Quite apart from their appalling grammar, and resulting lack of clarity, the proposed result of this appears to be:
i) An advisor may introduce a client to (say) a Queens Counsel who suggests a course of action he believes to be legal.
ii) Sometime – [likelihood, at least 10 years from final date of action bearing in mind current complex litigation process] – advice and action may be proven correct. End of story.
iii) Alternatively, in the litigation lottery of the Courts (talk to lawyers!) the advice may prove to be incorrect. In this case penalties would be sought against the person who introduced the QC, in all good faith! Is asking for professional advice to be subject to a penalty?
iv) The proposed legislation encompasses virtually all commercial arrangements, not just ‘artificial’ ones. ‘Tax Avoidance’ is not properly defined. It rests on ‘losing’ under untested legislation. There is no safe harbour.
v) The level of penalties (see time line) may be after the advisor retired. If the professional involved advised clients wealthier than him, which I am sure the majority do, then they could result in severe financial embarrassment, perhaps even bankruptcy, of said pensioner.
The tone of the HMRC document of 5 December 2005 suggests that would be [perhaps in Chairman Mao’s words?] a good behavioural adjustment.
vi) Maybe? In contrast, if the advisor had introduced his client say to a robber or a drug dealer, rather than a (presumably respectable) Queens Counsel, then these sanctions would not apply. In considering this, what is ‘the Clear Intention of Parliament’ to quote a phrase.
I would be grateful if any of the parties to whom this is addressed could explain to me how it fits in with the idea of any penalty fitting in with the criteria proposed in HMRC’s 2015 penalties discussion document:
- The penalty regime should be designed from the customer perspective, primarily to encourage compliance and prevent non-compliance. Penalties are not to be applied with the objective of raising revenues.

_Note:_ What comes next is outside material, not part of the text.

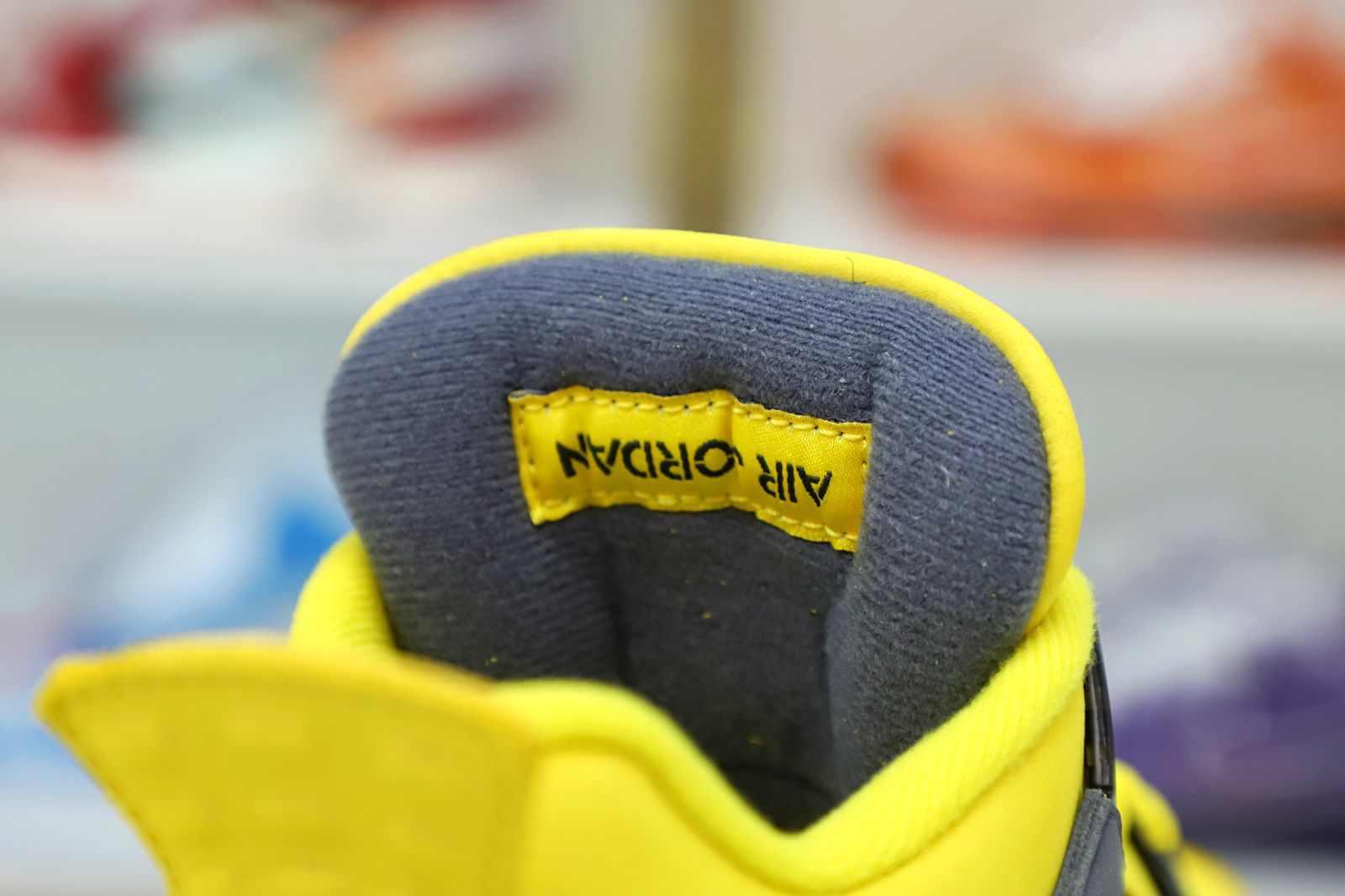 AIR Air JORDAN 4 RETRO 'LIGHTNING' 2021 - finekick.vip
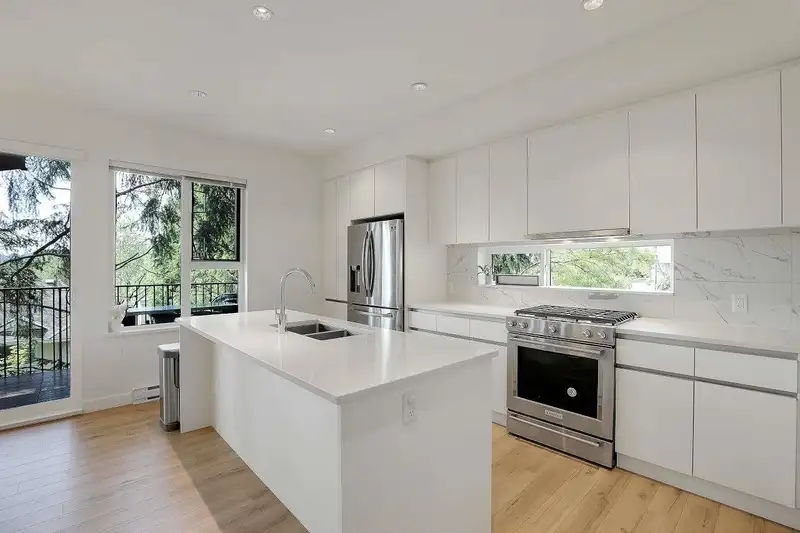 76 1228 HUDSON STREET - photo 4 of 40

- Penalties should be proportionate to the failure and may take into account past behaviour.
- Penalties must be applied fairly, ensuring that compliant customers are (and are seen to be) in a better position than the non-compliant.
- Penalties must provide a credible threat. If there is a penalty, we must have the operational capability and capacity to raise it accurately, and if we raise it, we must be able to collect it in a cost-efficient manner.
- Customers should see a consistent and standardised approach. Variations will be those necessary to take into account customer behaviours and particular taxes.
From an initial review, the proposed penalties fail all counts. Specifically, they do not seem
2) Proportionate, nor even remotely consistent.
They are potentially an invite for state bullying.
An easy way around the problem is the one which worked for many years historically. It was for independent, disinterested advice with proper, well-resourced HMRC review. In such a case ‘reasonable care’ all round could be provided by someone, properly qualified, who was not rewarded as to outcome and gave independent advice as to the law, with subsequent full disclosure of any relevant arrangements.